Kapten Persib Firman Utina, mengontrol bola di pertandingan Persija vs Persib di Stadion GBK, Jakarta, 10 Agustus 2014. TEMPO/Dian Triyuli Handoko
TEMPO.CO, Jakarta - Piala Jendral Sudirman 2015 diterjang isu miring. Santer beredar kabar terjadi pengaturan skor alias match fixing dalam turnamen yang dipromotori oleh Mahaka Sports and entertainment itu.
Komentar pun berdatangan, salah satunya komentar datang dari penggawa Persib Bandung Firman Utina. Menurut Utina, dirinya tidak melihat adanya match fixing dalam perhelatan PJS sejauh ini. "Aku belum lihat ada tim-tim yang match fixing ya," ujar Utina saat dihubungi Tempo, Senin, 30 November 2015.
Bahkan, Utina menilai skala turnamen Piala Jendral Sudirman ini akan cukup aman dari upaya segelintir orang yang ingin memanfaatkan olah raga paling populer di tanah air saat ini.
"Ya di mana match fixing-nya turnamen hanya kaya begini kok ada match fixing-nya, nggak masuk akal sih, cuma mungkin lebih kebanyakan turnamen yang gini-gini aja bikin jenuh pemain," ujarnya.
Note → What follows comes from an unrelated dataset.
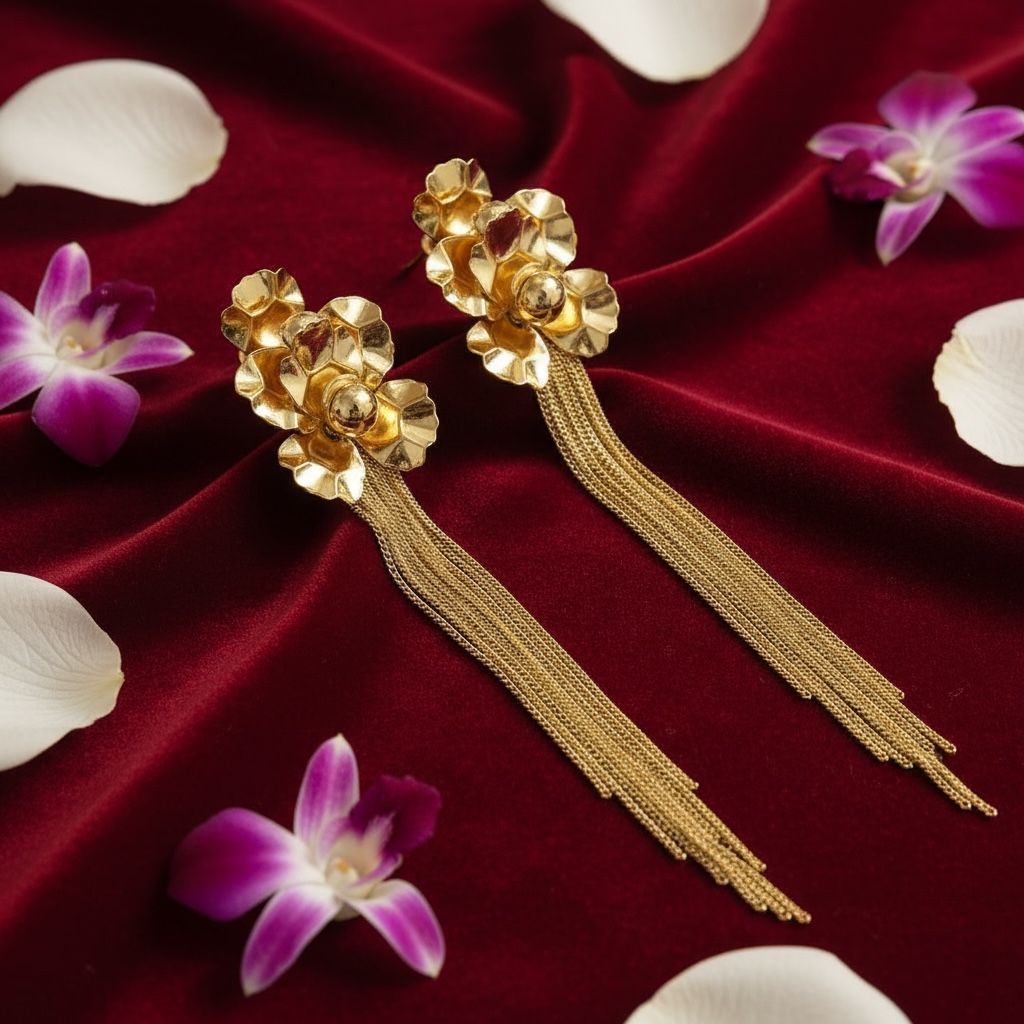 Korean Golden Stainless Flower Earrings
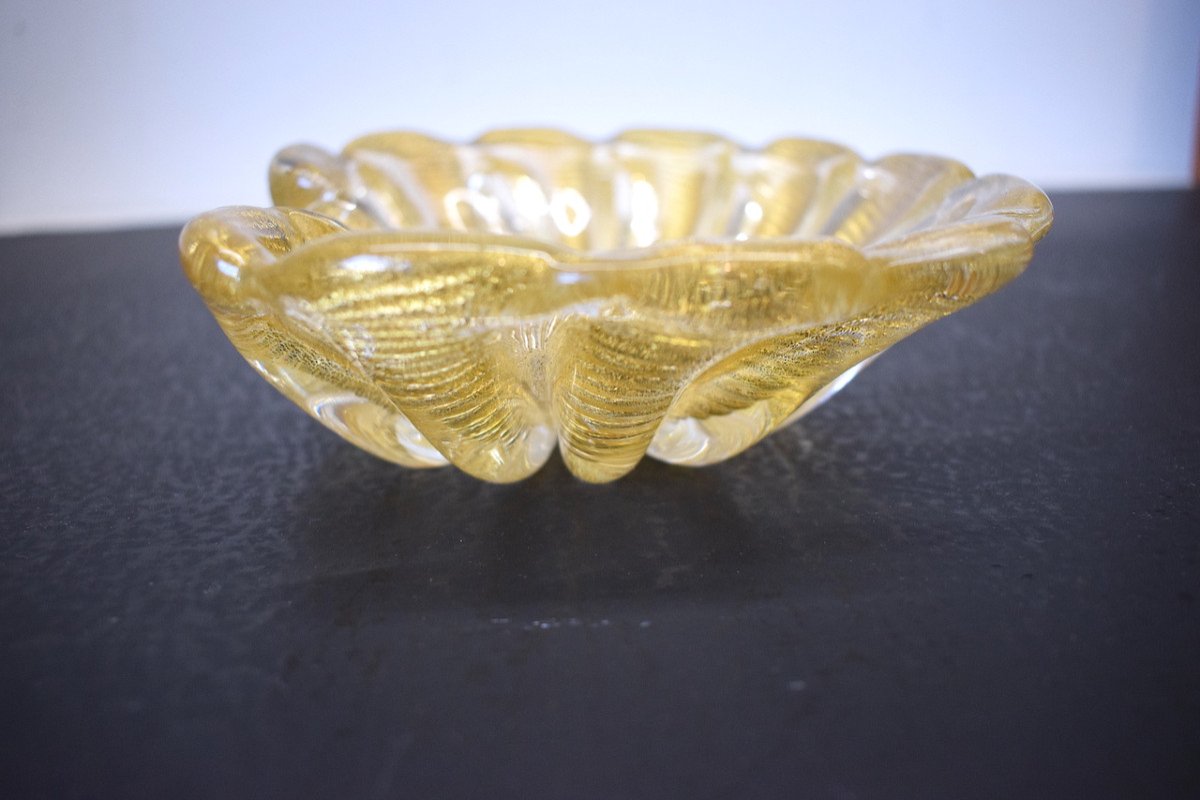 Baguier Cup Empty Pocket Crystal Murano Glassware Scallop Shell Shape Ref614-photo-3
Utina pun mengatakan peluang untuk melakukan match fixing sangat kecil sekali mengingat regulasi yang diterapkan operator PJS dinilai cukup baik. Aturan yang berlaku dalam PJS memang terbilang berbeda dari turnamen sepak bola sebelumnya di Indonesia, dimana dalam PJS ini tidak mengenal istilah hasil seri. Ketika kedua tim melakukan pertandingan dan hingga waktu normal 90 menit keduanya menuai hasil imbang maka pertandingan akan dilanjutkan menuju adu penalti untuk mendapatkan pemenang pertandingan.
"Di mana match fixing-nya, soalnya bingung juga kalau match fixing di PJS ini, kan sampai harus ada yang kalah pertandingannya jadi walaupun draw tetap harus ada yang kalah adu penalti gitu kan jadi dari segi mananya aku belum ngerti," ujar Utina.
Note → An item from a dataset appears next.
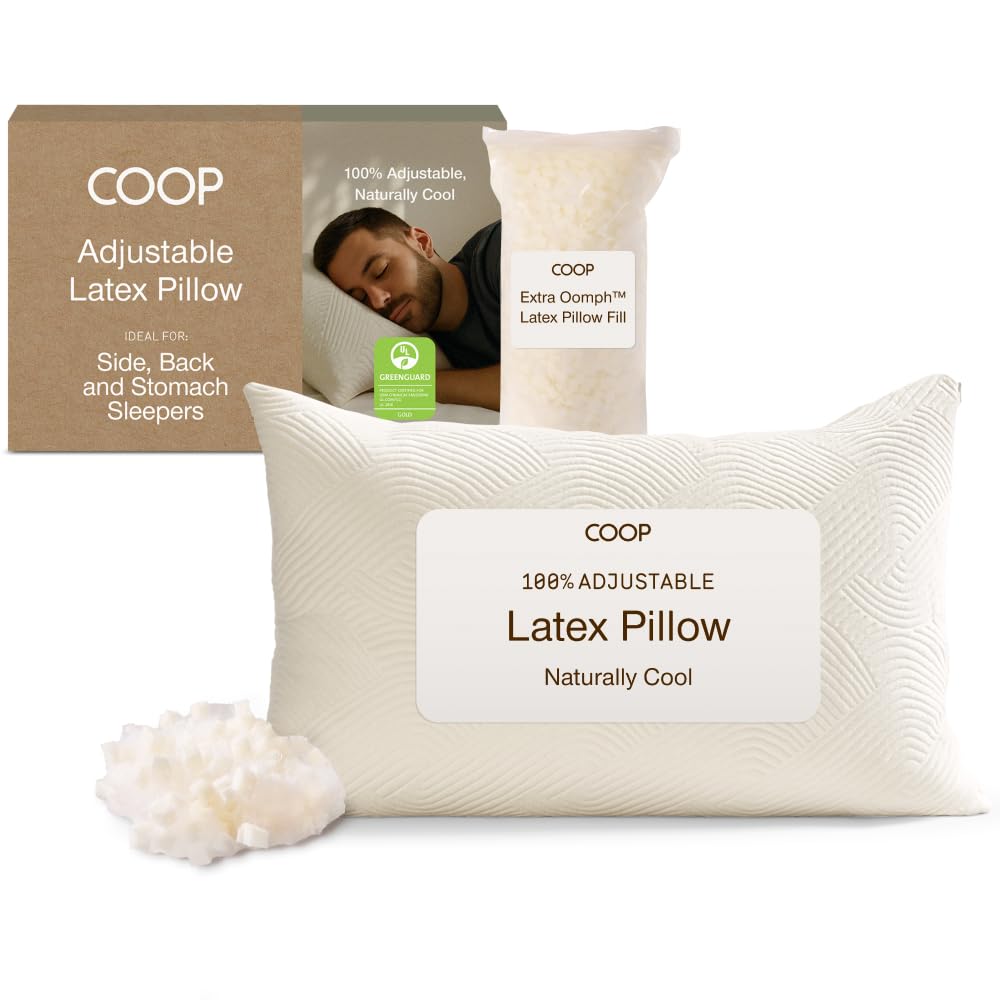 Coop Home Goods Adjustable Latex Pillow Queen, Talalay Latex & Microfiber Fill, Best Pillows for Sleeping, Ergonomic, Naturally Cooling, Eco-Friendly, Medium Firm for Back, Side & Stomach Sleepers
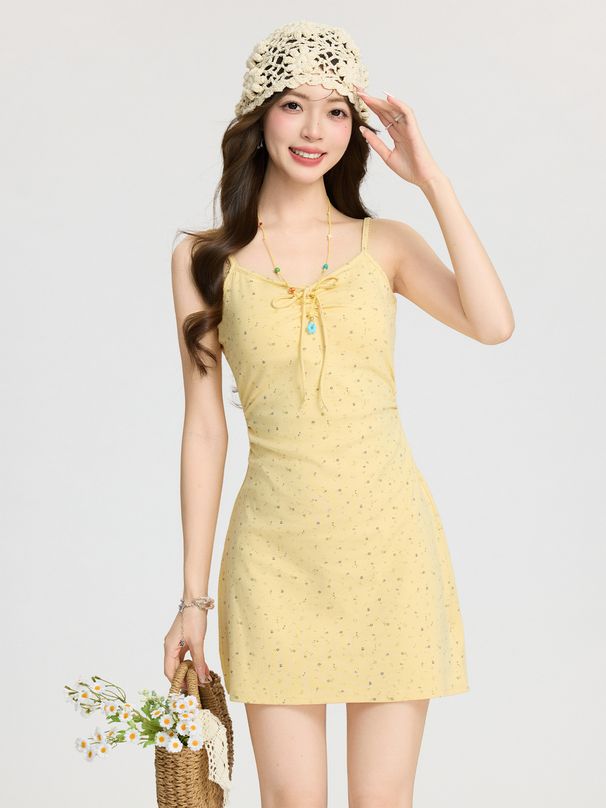 Sweet Floral Print Camisole With Chest Pads For Women, 2026 Summer New Style, Yellow V-Neck, Waist-Cinching, Slim-Fit_ecoleips.com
Isu adanya match fixing itu, menurut dia, disinyalir adanya beberapa pihak yang merasa tidak diikutsertakan dalam turnamen itu. "Isu-isu beredar ini jadi kaya ada yang punya job yang nggak bisa bawa masuk kesini karena semua udah dipegang oleh Mahaka," kata dia.
Utina justru lebih menyoroti kisruh persepakbolaan di Indonesia dari pada desas desus match fixing itu. Menurut dia, adanya turnamen seperti ini justru membuat pemain menjadi jenuh lantaran tidak ada kepastian karir di masa mendatang.
"Kami para pemain jenuh jadi lebih baik sekalian aja ada kompetisi di dalamnya ini seperti kompetisi yang memang bagus dan membawa harkat martabat Indonesia sendiri, kalau menurut saya sih lebih ke arah situ," katanya.
"Jadi gairah itu kaya gak ada dan stuck begitu aja, setelah PJS ini ada turnamen apalagi, terus harus dikontrak berapa bulan lagi mungkin kejenuhan sih akhirnya berdampak kemana-mana isunya," ucap pemain asal Manado itu.
Makanya, Utina berharap ke depan kisruh sepak bola nasional bisa cepat selesai dan kompetisi liga Indonesia segera bergulir.
"Liga itu mencerminkan Indonesia sesungguhnya masih ada federasinya, bukan hanya terpaku dengan konflik tiba-tiba ada turnamen-turnamen gini yang waktunya makin panjang sangat merugikan pemain juga yang hanya dibayar separo-separo kaya tarkam," ucapnya.